Saturday, March 25, 2006

Annunciation

Isaiah 7:10-14; Psalm 40:1-11; Hebrews 10:5-10; Luke 1:26-38

The season of spring officially began just a few days ago, but we in the South are always blessed with early blossoms, whispers of pink and white and purple and green when many places are still deep in winter darkness. In the newly warm sun, those whispers grow into glorious shouts of color. I don’t know about you, but spring takes my breath away, and not just because the air is so full of pollen! Suddenly there is color in places where I forgot it would be: in the corner of a yard, on the side of the road, in the woods beside my neighbor’s house, outside my office window. Breathtaking.

The season of Lent officially began three weeks ago – we are just a little more than halfway through on our journey to the cross. But deep in this Lenten darkness is something quite unexpected, a breathtaking scene of an angel, an invitation, and a young girl who said yes, Here I am, the servant of the Lord; let it be with me according to your word.

Yesterday was March 25th, nine months to the day before Christmas. It was the Feast of the Annunciation, the day when heaven and earth mingled in Mary’s yes, when suddenly there was life in a place where no one – least of all Mary – imagined it could be. The life she bore was as new as that spring morning, and yet was the very Creator of every spring that ever was. Literally full of grace, Mary became Theotokos, which is Greek for God-bearer.

How often in her life would Mary’s breath leave her body as she wondered if she had made the right choice? Mary’s yes would have certainly cost her marriage, perhaps even her life, had Joseph not had his own breathtaking encounter with an angel. When they brought their newborn to the temple, Simeon would tell Mary that a sword would one day pierce her heart. They thought they lost Jesus when he was still a boy, and when, breathless with worry, they finally found him, he told them their house was not his home. And how the air itself must have trembled as Mary watched her child one colorless spring morning, watched him bear his cross and die.

Being a God-bearer, it seems, does not make life easy or vanish pain. But Gabriel’s words always echoed in Mary’s pierced and wondering heart – Favored One, he had said, Favored One, God is with you. And so, though it made her tremble, Mary whispered yes again and again.

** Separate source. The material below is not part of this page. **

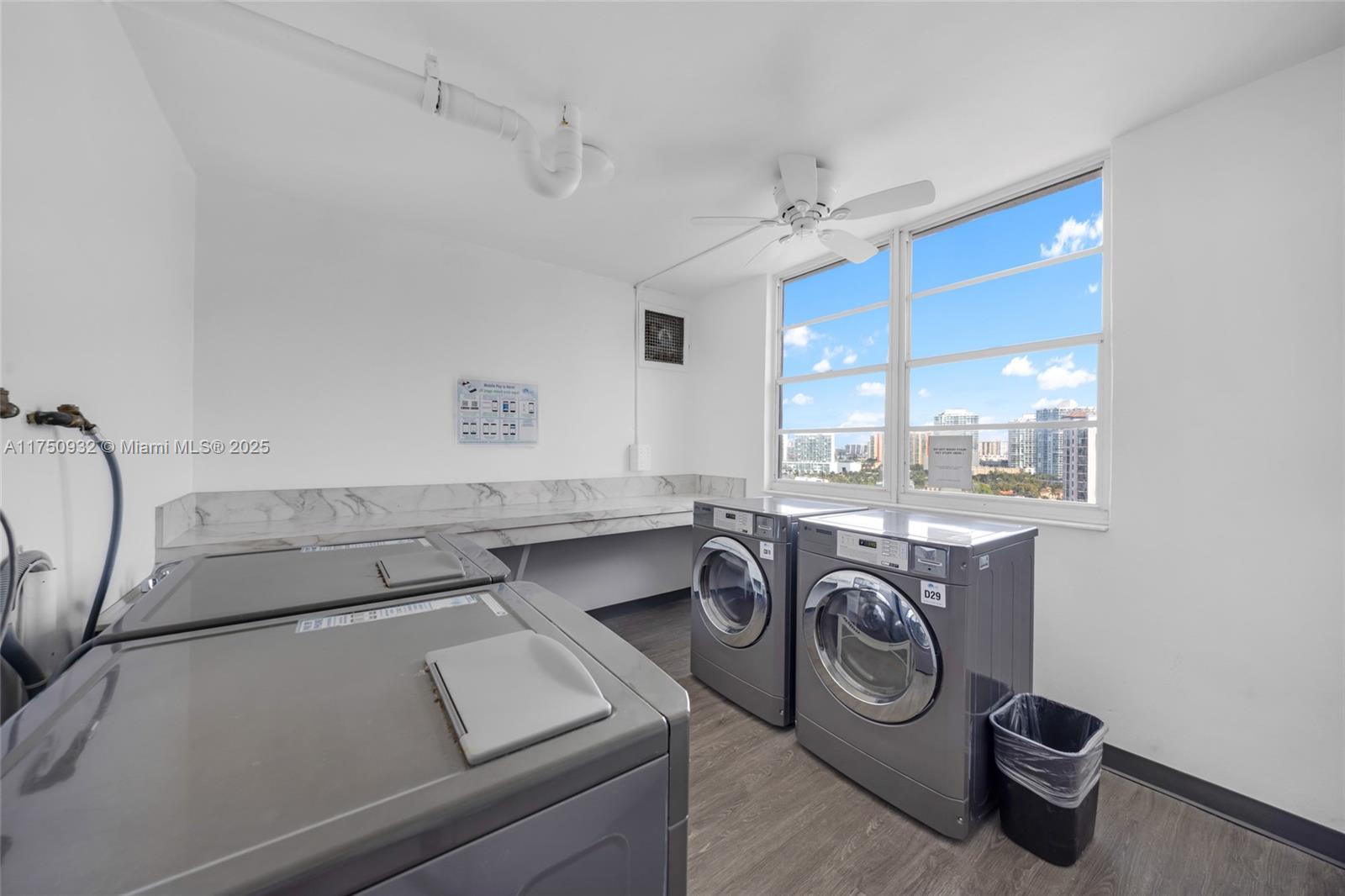 ARLEN HOUSE CONDO - Residential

Deep in the darkness of Gethsemane, Jesus, too, would say (was it because he was the Son of God, or because he was Mary’s son, had heard her say yes, here I am all those years)…deep in the darkness of Gethsemane, Jesus would say to God, Not my will but yours be done. Let it be with me according to your word….Heaven and earth mingled in Jesus’ yes, and in his last breath he gave himself and us to God.

But death would not be the final word. For three days later, God shouted that glorious no!, Love would not be defeated. Love was stronger than fear, life stronger than death, and suddenly the risen Jesus is standing before us with a breathtaking invitation that we become God-bearers. You, favored one. You, full of grace. You, me, all of us, God-bearers.

Gerard Manley Hopkins wrote a poem comparing Mary to the air we breathe. “Wild air,” he wrote, “World-mothering air…of her flesh he took flesh: He does take…though much mystery how, not flesh but spirit now, and makes, O marvelous! new Nazareths in us, where she shall yet conceive Him, morning, noon, and eve….”

What a lovely annunciation, this time ours, our invitation to allow heaven and earth to mingle in us, to bear Christ in the world in our own unique and marvelous ways. The very air we breathe in this day is pregnant with Mary’s yes, spoken in wonder and courage and faith….

….Spoken also in that knowledge that saying yes to God does not make life easy or vanish pain. Our yes is spoken in a world seems to shout no. In the season of Lent, we are called to come to terms with all the times and ways we have said no to God’s invitation – our mistakes, our sins, our failures and fears and wounds, the ways we have been hurt and the ways we have hurt others. It is difficult to be a God-bearer when we are carrying these and so many other burdens. This is the work of Lent – truth-telling, repentance, forgiveness, healing. Trembling, we take all our no’s to the cross where Jesus, full of grace, replaces them with his perfect, forgiving, transforming Love, his eternal yes. That is the work of Easter.

We are invited to be God-bearers, to see Life in places where we forgot it would be, to show Love where no one – least of all, perhaps, ourselves – imagined it could be, to be the body of Christ in the world. In the 16th century, Teresa of Avila wrote, “Christ has no body now but ours, no hands, no feet on earth but ours. Ours are the eyes through which he looks compassion on this world. Ours are the feet with which he goes about doing good. Ours are the hands with which he blesses people.”

Take a deep breath. God, who loves us, is with us. Let us say together, yes. Amen.